Prior to 1800, there may have been more than 200 southern resident orcas. Today, there are about 89. And the federal government has brought in a hammer – the Endangered Species Act – to protect the orca.

But recovery will be difficult. Orcas are at the top of the Puget Sound food chain, and their depletion is an indicator of a deeply troubled ecosystem, many scientists say.

And any proposals to save the orca are guaranteed to rile development, industry and shipping interests, along with many others who depend on Puget Sound for their living. Building, property rights and farming interests already are suing to throw out the listing.

“I see catastrophic economic impacts,” said Tim Harris, general counsel for the Building Industry Association of Washington, a plaintiff in the suit. “I see it slowing and crippling development, driving up housing costs and hurting jobs.”

And saving these creatures, experts say, will require operating in a realm of great uncertainty, and waiting to see results years down the road.

The bottom line: There’s no quick, sure recipe for orca recovery.

The southern resident orcas are one of three forms in the northeastern Pacific and are organized into three pods: J, K and L. Unlike the other populations, southern residents spend a lot of time in Puget Sound, especially in late spring, summer and fall. Scientists know little about their movements the rest of the year.

Southern residents also are distinguished by their diet: They are believed to eat only fish, especially salmon, while other orcas eat seals and other marine mammals.

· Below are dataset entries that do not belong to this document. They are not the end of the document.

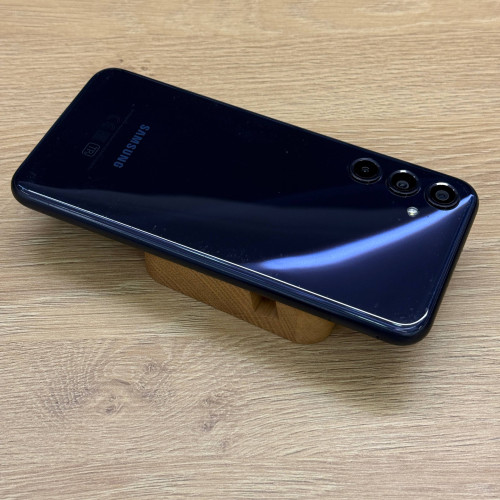 Вживаний смартфон Samsung Galaxy M34 5G (M346) 8/128 Dark Blue (Ідеальний+ стан)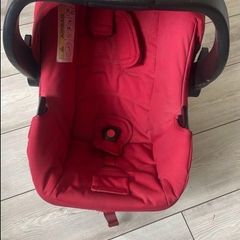 free car seat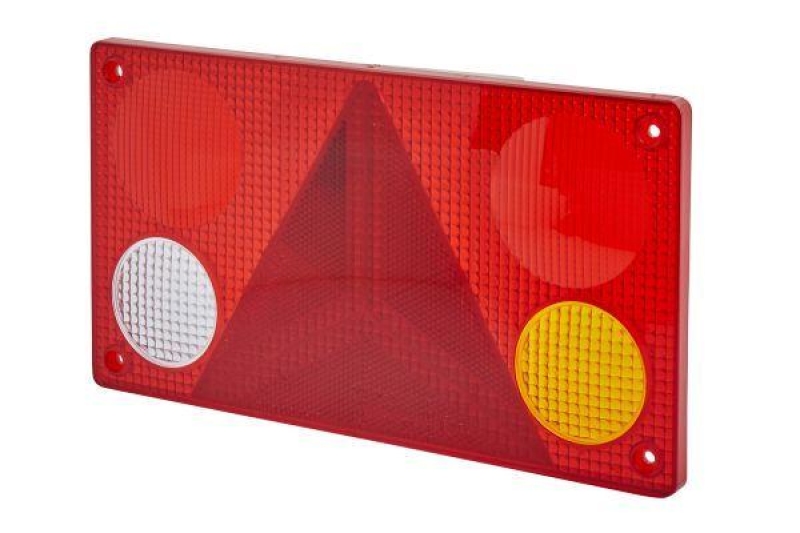 HELLA 9EL 340 203-001 Lichtscheibe Heckleuchte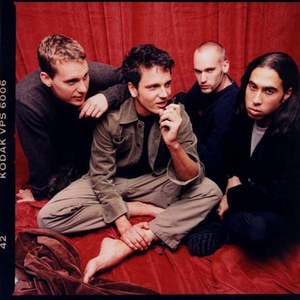 Third Eye Blind photo provided by Last.fm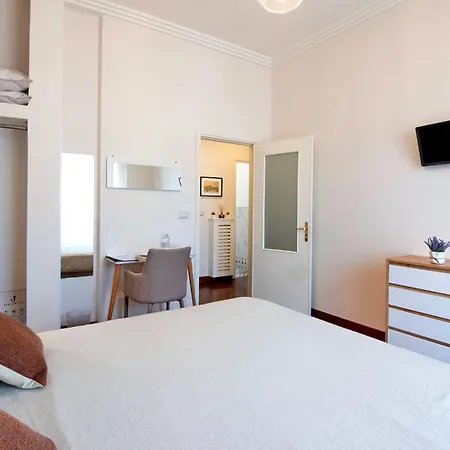 Le Stanze Di Partenope Bed & Breakfast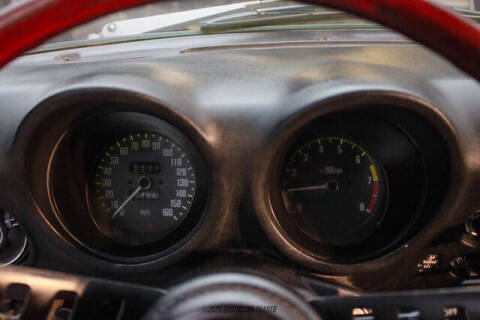 1972 Datsun 240Z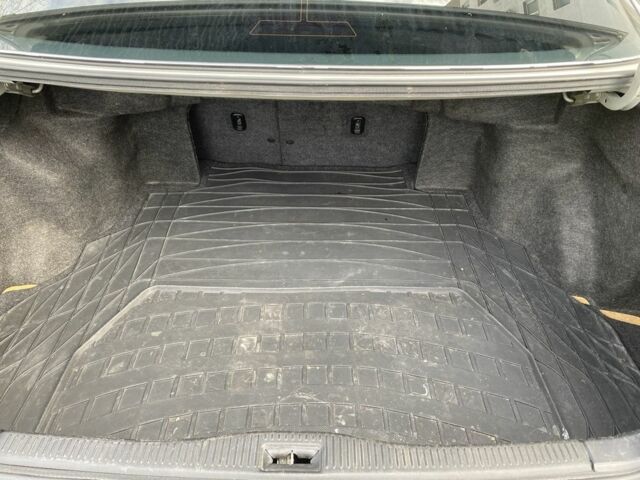 Серый Тойота Камри, объемом двигателя 2.2 л и пробегом 225 тыс. км за 4500 $, фото 15 на Automoto.ua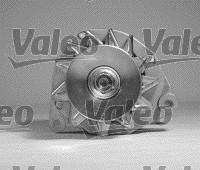 Valeo 436715 - Alternator autospares.lv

Southern residents were listed as endangered last year, triggering the requirement to designate a critical habitat for them, now proposed to cover more than 2,500 square miles of Puget Sound, excluding military bases, Hood Canal, near shore and coastal waters.

The federal fisheries service also must create a recovery plan relying, in part, on a conservation plan already in the works, as well as additional advice and comments from scientists and the public.

Yet, despite 30 years of intense study, it’s still unclear which threats are most significant to the southern residents. But a recovery plan is expected to focus on three potential risk factors: food, pollution and vessel effects, including noise.

“There are a lot of gaps in what we know about how these various factors may be affecting the whales,” said Brent Norberg, marine-mammal coordinator for the Northwest regional office of the federal fisheries service. “We don’t have a smoking gun that says, ‘If we fix this piece, and that piece, everything will be rosy.’ “

Researchers are trying to fill in the blanks by studying everything from the orcas’ numbers and movements to the effects of noise and vessel traffic.

“Not knowing what the stressors are makes it hard,” Norberg said. “And these animals are so long-lived, and take so long to reach maturity, it will take a long time to know if recovery is working.”

As a first step, the recovery plan could call for rebuilding salmon runs.

Adults must eat up to about 34 adult salmon a day, and they prefer big, fat and nutrient-rich chinook. Juveniles have big appetites as well, devouring as many as 17 adult salmon a day. But Puget Sound chinook are listed as a threatened species.

Orca recovery could mean reductions in commercial and recreational fishing within the designated critical habitat – as much as 5 percent to 50 percent.

The recovery plan might suggest bolstering other salmon-recovery efforts throughout the region, including the Columbia and Snake rivers.

Secondly, the recovery plan is expected to seek a reduction in pollution and chemical contamination. That would mean addressing industrial-waste disposal, agricultural and household use of chemicals. It also would mean dealing with discharge from wastewater and storm water. And it would mean cleaning up contaminated sites and sediments.

The recovery plan also might call for calmer, quieter waters.

Orcas find their food by sight and sound. And they use their sensitive hearing and a kind of sonar not only to nail prey, but to communicate and navigate. For them, underwater noise is the equivalent of fog for humans, some scientists have concluded. Noise makes it harder for orcas to find what they are looking for, and it may damage their hearing, or at least cause stress.

Yet the Puget Sound and adjoining Haro Strait are among the busiest waterways in the world.

So the recovery plan probably would call for evaluating the need for limits, including how closely vessels of all kinds may approach orcas; closing some areas to boat traffic at certain times; and speed restrictions.